RECORDS FOR PROCESSING section start
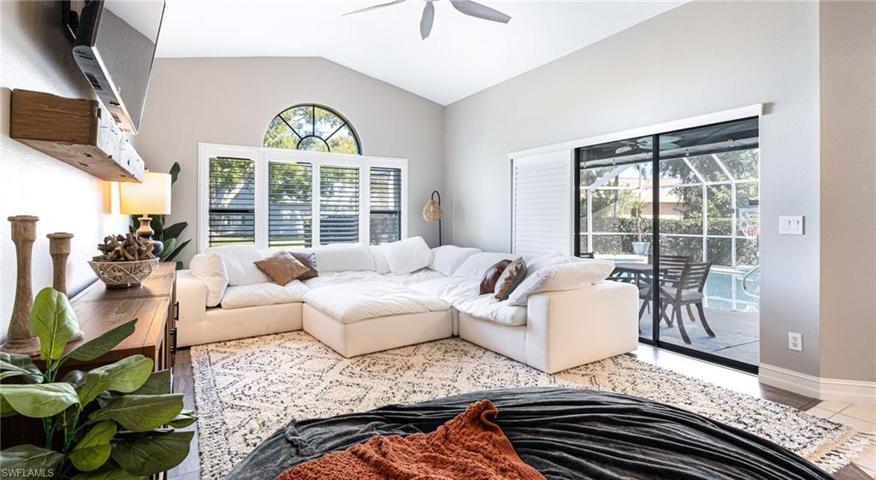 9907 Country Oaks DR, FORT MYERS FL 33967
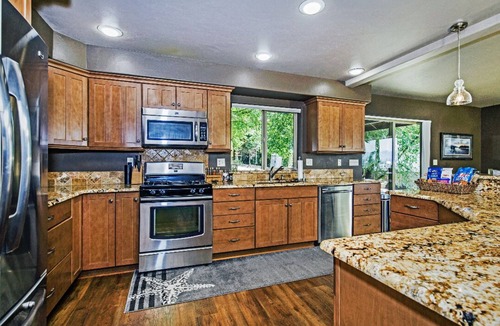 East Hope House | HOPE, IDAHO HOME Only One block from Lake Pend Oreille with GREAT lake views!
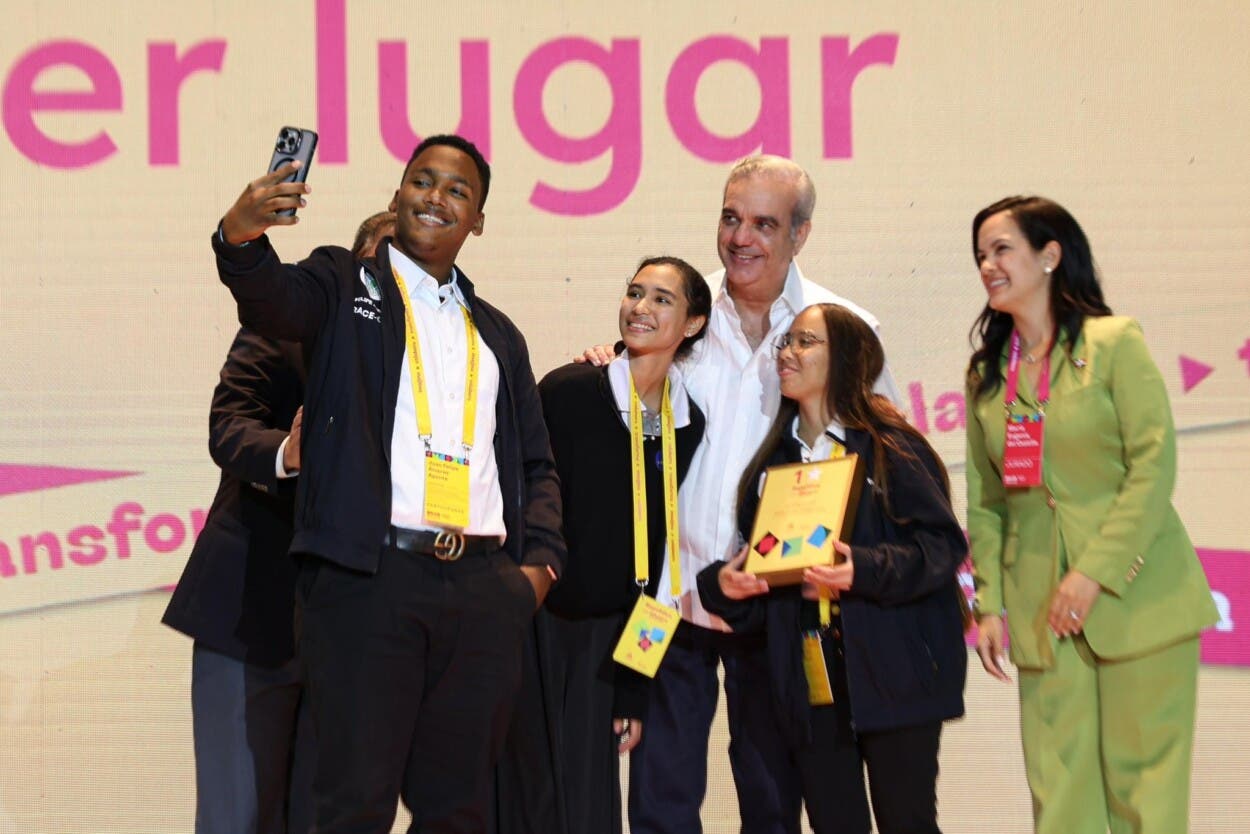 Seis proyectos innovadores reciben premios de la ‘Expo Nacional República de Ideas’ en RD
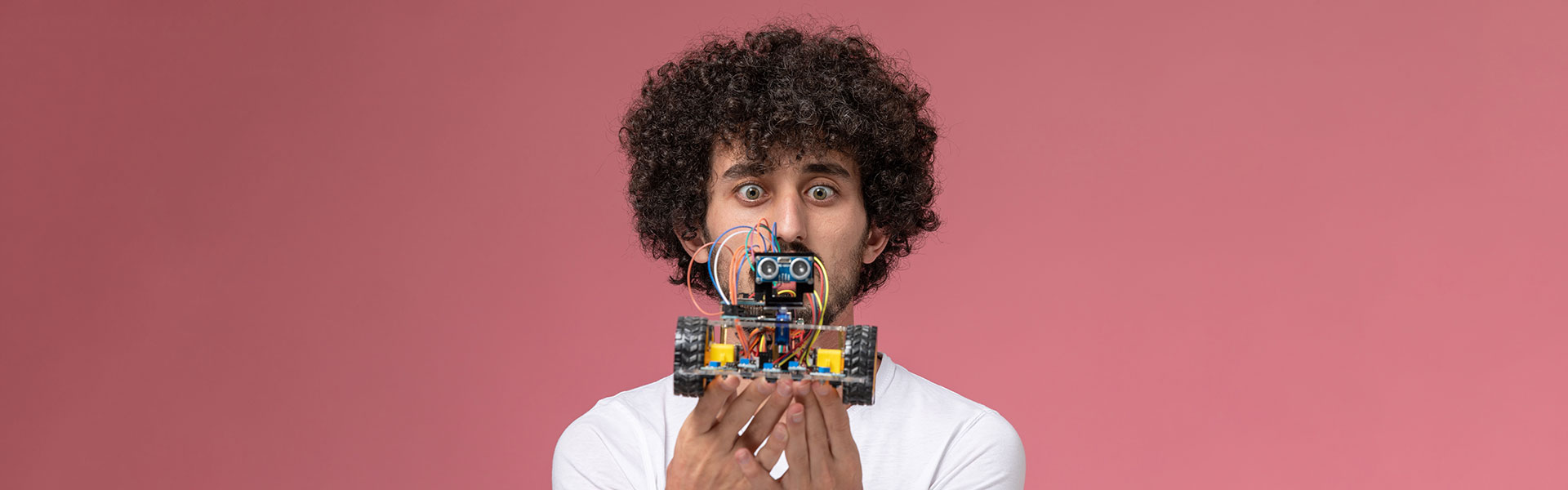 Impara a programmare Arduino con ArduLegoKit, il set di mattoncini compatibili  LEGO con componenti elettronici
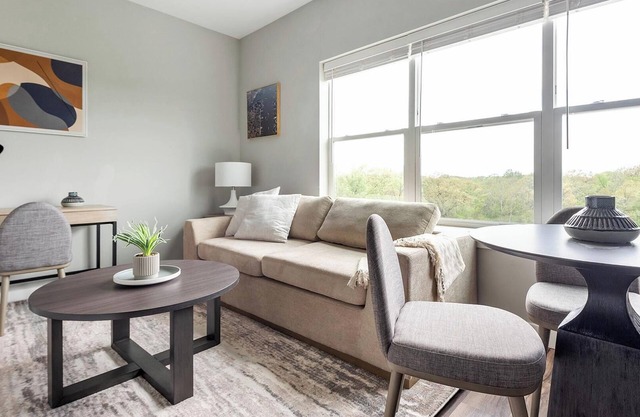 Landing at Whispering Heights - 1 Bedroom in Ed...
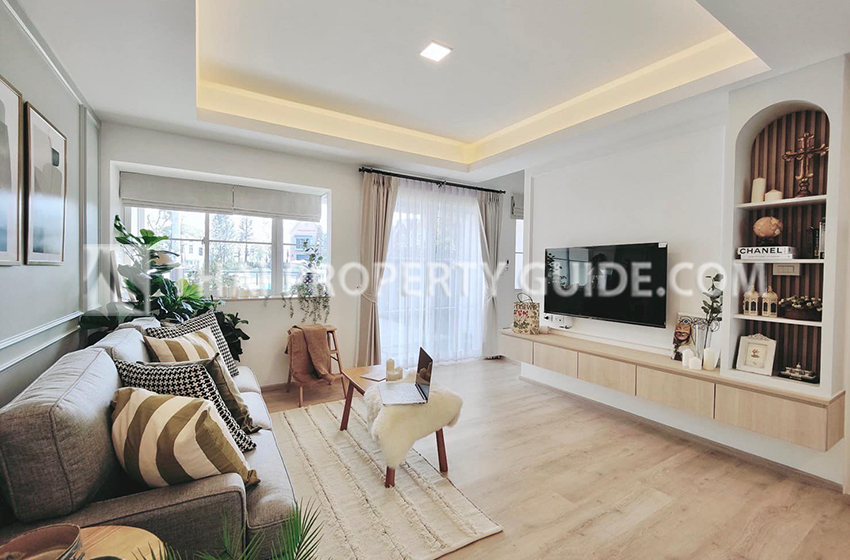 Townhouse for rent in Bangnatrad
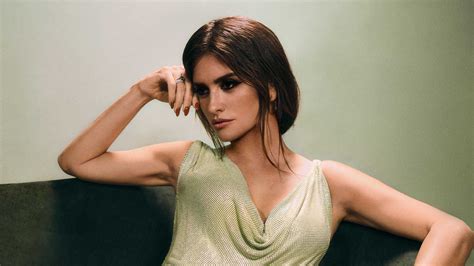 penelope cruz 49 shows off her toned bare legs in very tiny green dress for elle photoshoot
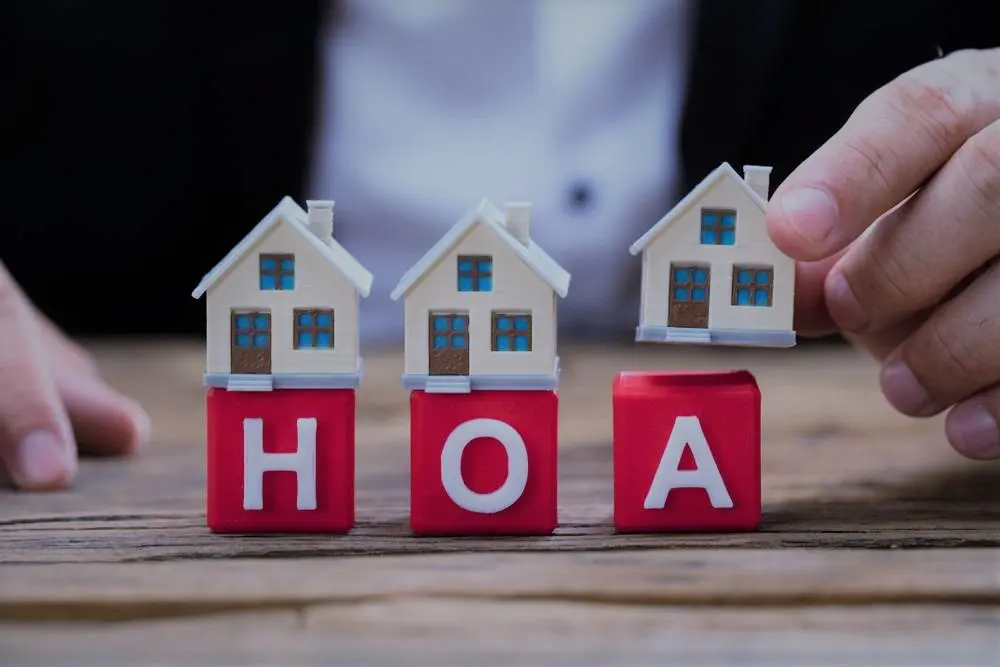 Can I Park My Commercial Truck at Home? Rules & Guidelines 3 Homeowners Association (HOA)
RECORDS FOR PROCESSING section end
RECORDS FOR PROCESSING section start
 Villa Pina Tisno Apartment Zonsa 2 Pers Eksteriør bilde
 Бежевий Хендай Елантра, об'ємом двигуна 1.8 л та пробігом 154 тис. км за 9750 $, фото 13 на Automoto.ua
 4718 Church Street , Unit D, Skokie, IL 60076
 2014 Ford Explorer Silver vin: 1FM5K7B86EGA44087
RECORDS FOR PROCESSING section end
RECORDS FOR PROCESSING section start
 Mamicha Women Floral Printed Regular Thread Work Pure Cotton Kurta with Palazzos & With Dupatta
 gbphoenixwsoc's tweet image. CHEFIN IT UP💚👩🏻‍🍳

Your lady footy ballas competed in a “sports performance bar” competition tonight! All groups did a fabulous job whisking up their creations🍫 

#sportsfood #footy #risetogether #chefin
RECORDS FOR PROCESSING section end
_INSTRUCTIONS TO FOLLOW:_ What do the entries above read from the line containing "9907 Country Oaks DR, FORT MYERS FL 33967" through the line containing "Can I Park My"? Output those lines exactly, both ends included, with the pictures left out.

_RESULT OF THE EXERCISE:_
 9907 Country Oaks DR, FORT MYERS FL 33967
 East Hope House | HOPE, IDAHO HOME Only One block from Lake Pend Oreille with GREAT lake views!
 Seis proyectos innovadores reciben premios de la ‘Expo Nacional República de Ideas’ en RD
 Impara a programmare Arduino con ArduLegoKit, il set di mattoncini compatibili  LEGO con componenti elettronici
 Landing at Whispering Heights - 1 Bedroom in Ed...
 Townhouse for rent in Bangnatrad
 penelope cruz 49 shows off her toned bare legs in very tiny green dress for elle photoshoot
 Can I Park My Commercial Truck at Home? Rules & Guidelines 3 Homeowners Association (HOA)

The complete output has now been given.